Obviously I'm not (in any way I can think of) able to reduce the x to a zero, so how do I transform this into reduced row echelon form, and hence get the inverse?

Cheers.

2. Hi Peleus!

Originally Posted by Peleus
Hi all,

Quick question.

I'm just unsure of how to handle an unknown in a matrix when talking about finding the inverse.

Usually I simply augment (A|I) and reduce it to RREF and read the inverse off the identity matrix.

This is the matrix however I have to do it on -

$\begin{array}{cc}-2&1\\1&x\end{array}$

Obviously I'm not (in any way I can think of) able to reduce the x to a zero, so how do I transform this into reduced row echelon form, and hence get the inverse?

Cheers.
This is a 2x2 matrix and there is a formula for this problem

Invertible matrix - Wikipedia, the free encyclopedia
(title: Inversion of 2×2 matrices )

But you don't want to use this, right?

Yours
Rapha

3. I've only got one question on it, so it will get me by for this, but as always the saying goes give a man a fish and eat for a day, teach a man.....

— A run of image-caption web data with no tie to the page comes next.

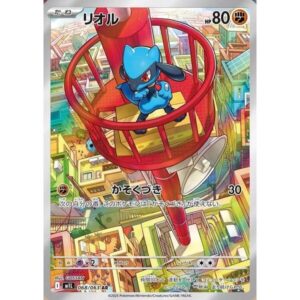 m1L: Mega Brave - 068/063 - Riolu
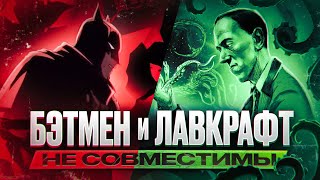 видео: Самый (не) страшный мультфильм о Бэтмене и Лавкрафт | Batman: The Doom That Came to Gotham картинка: Самый (не) страшный мультфильм о Бэтмене и Лавкрафт | Batman: The Doom That Came to Gotham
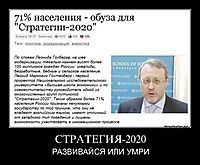 СТРАТЕГИЯ-2020 РАЗВИВАЙСЯ ИЛИ УМРИ
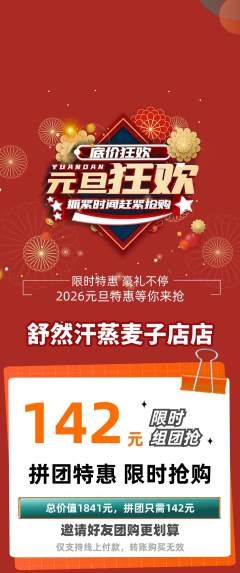 洗浴汗蒸拼团商品阶梯团元旦活动配图海报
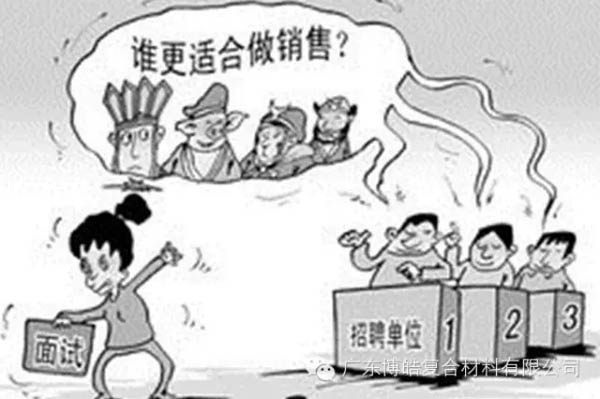 【博皓課堂】做銷售，需要和這樣的人在一起-1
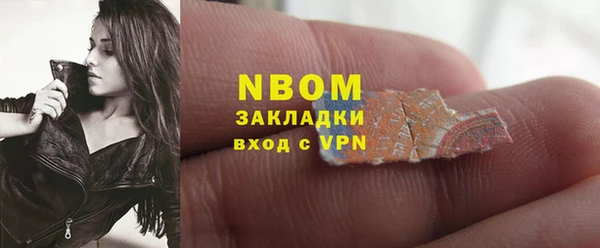 марихуана Хадыженск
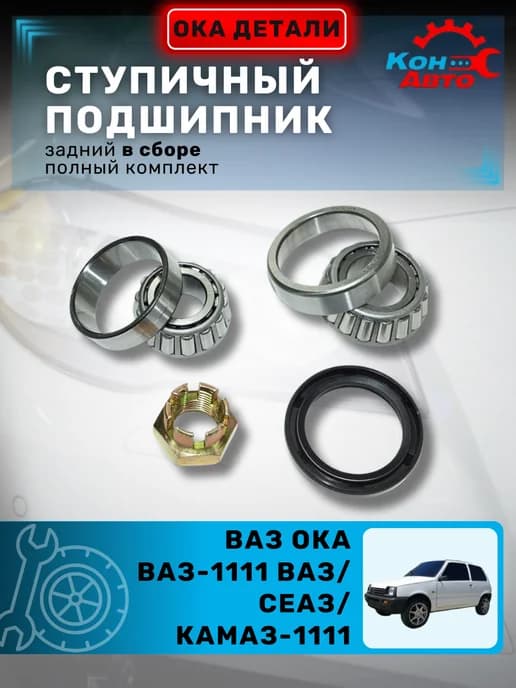 Подшипник ступицы задний комплект ВАЗ ОКА 1111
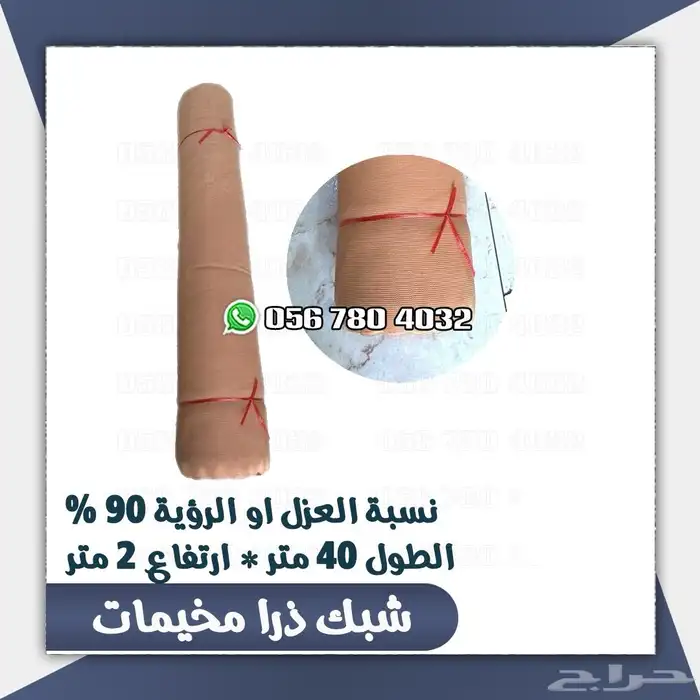 شبك ذرا مخيمات 1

Is there any other way of doing it?

4. Originally Posted by Peleus
Hi all,

Quick question.

I'm just unsure of how to handle an unknown in a matrix when talking about finding the inverse.

Usually I simply augment (A|I) and reduce it to RREF and read the inverse off the identity matrix.

This is the matrix however I have to do it on -

$\begin{array}{cc}-2&1\\1&x\end{array}$

Obviously I'm not (in any way I can think of) able to reduce the x to a zero, so how do I transform this into reduced row echelon form, and hence get the inverse?

Cheers.
Swap the rows:

$\left( \begin{array}{cc}
1 & x \\
-2 & 1 \end{array}\right)$

$R2 \rightarrow R2 + 2 R1$:

$\left( \begin{array}{cc}
1 & x \\
0 & 1 + 2x\end{array}\right)$

$R2 \rightarrow \frac{1}{1 + 2x} R2 \left( \text{provided } 1 + 2x \neq 0 \Rightarrow x \neq - \frac{1}{2} \right)$:

$\left( \begin{array}{cc}
1 & x \\
0 & 1\end{array}\right)$

$R1 \rightarrow R1 - x R2$:

$\left( \begin{array}{cc}
1 & 0 \\
0 & 1 \end{array}\right)$

Note that $x \neq - \frac{1}{2}$ is consistent with the requirement that the determinant is not equal to zero.